Stock Drop Claims Based on Public Information Fail to Overcome Deference to Market Prices

EBIA  

· 5 minute read

EBIA  

· 5 minute read

Kopp v. Klein, 2018 WL 3149151 (5th Cir. 2018); In re SunEdison, Inc. ERISA 401(k) Litigation, 2018 WL 3733946 (S.D.N.Y. 2018)

Two more courts have disallowed claims of imprudence against 401(k) plan fiduciaries that permitted investments in employer stock as those companies headed toward bankruptcy. In Kopp v. Klein, a newly spun-off business established a 401(k) plan with company stock as an investment. When the company experienced serious financial trouble and entered bankruptcy, participants sued claiming, among other things, that the plan’s fiduciaries had breached their duty of prudence by allowing continued investments in company stock despite public information about the company’s financial instability. A Fifth Circuit panel disagreed, however, citing the U.S. Supreme Court’s Dudenhoeffer decision (see our Checkpoint article), which held that fiduciary breach claims based on public information are generally implausible, absent special circumstances, because fiduciaries are entitled to rely upon the price set by the public market as a fair assessment of a stock’s value. The participants argued that Dudenhoeffer was inapplicable because their claim was based on the stock’s “riskiness” rather than the accuracy of the stock’s price. The panel rejected that argument, however, stating that the distinction between risk and price was “illusory.” Market pricing considers risk, so Dudenhoeffer applies equally to claims based on excessive risk. Furthermore, the fiduciaries’ alleged fraud was not the type of special circumstance contemplated in Dudenhoeffer.

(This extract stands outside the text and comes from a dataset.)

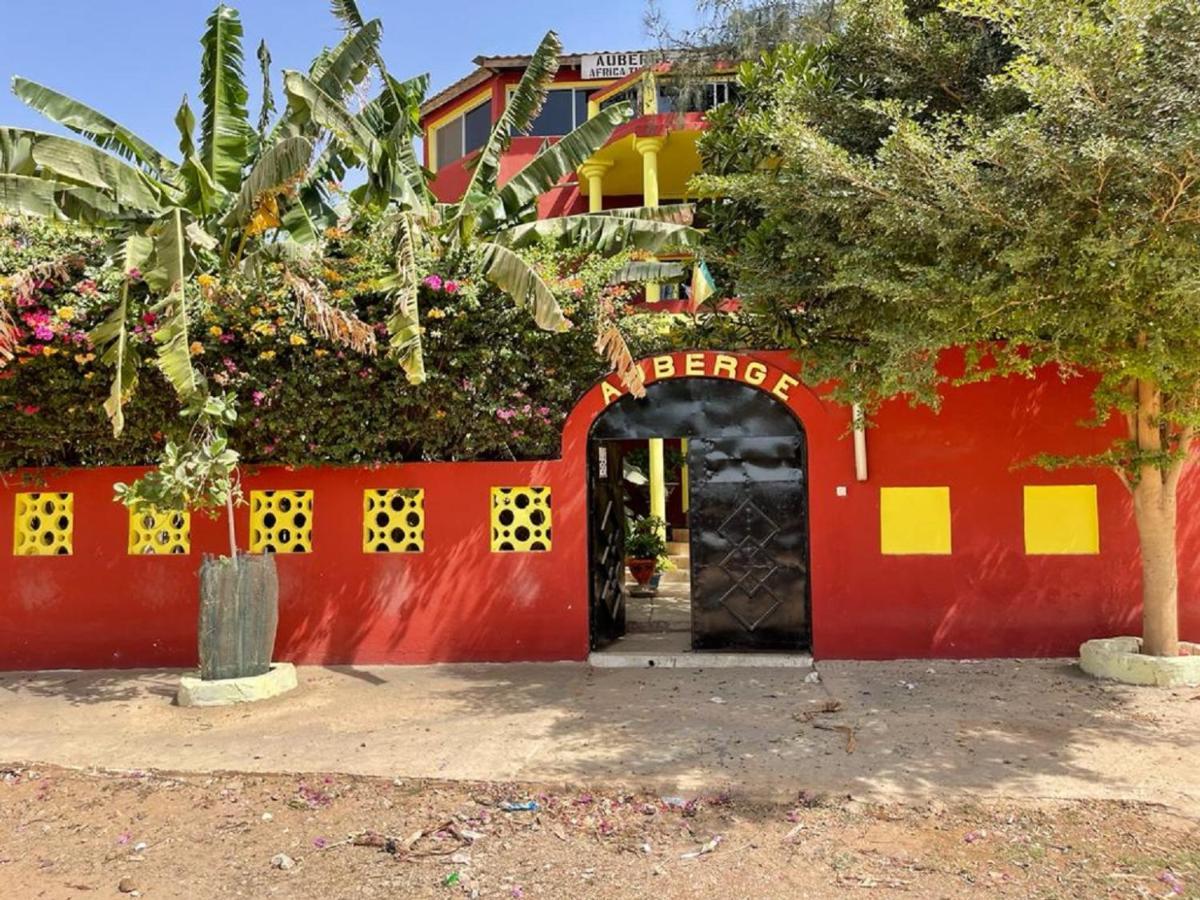 Auberge Africa Thiossane Saly Portudal Exteriér fotografie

In the SunEdison case, the plan sponsor’s aggressive expansion strategy resulted in bankruptcy. As in Kopp, participants sued, claiming that the 401(k) plan’s fiduciaries failed to stop investments in the company’s stock after they knew or should have known that the company was in peril and too risky to be an appropriate retirement investment. The court rejected that claim, however, stating that the Dudenhoeffer analysis applies to all allegations of imprudence based on publicly available information “regardless of whether the allegations are framed in terms of market value or excessive risk.” The participants alleged that eight specified items of public information should be treated as special circumstances allowing their claim to proceed, but the court rejected all eight, noting that the correlation between those negative developments and changes in the company’s stock price suggested that the shares were not riskier than the market’s assessment. Lacking allegations of special circumstances, the participants’ claim was dismissed for failure to satisfy the pleading threshold in Dudenhoeffer.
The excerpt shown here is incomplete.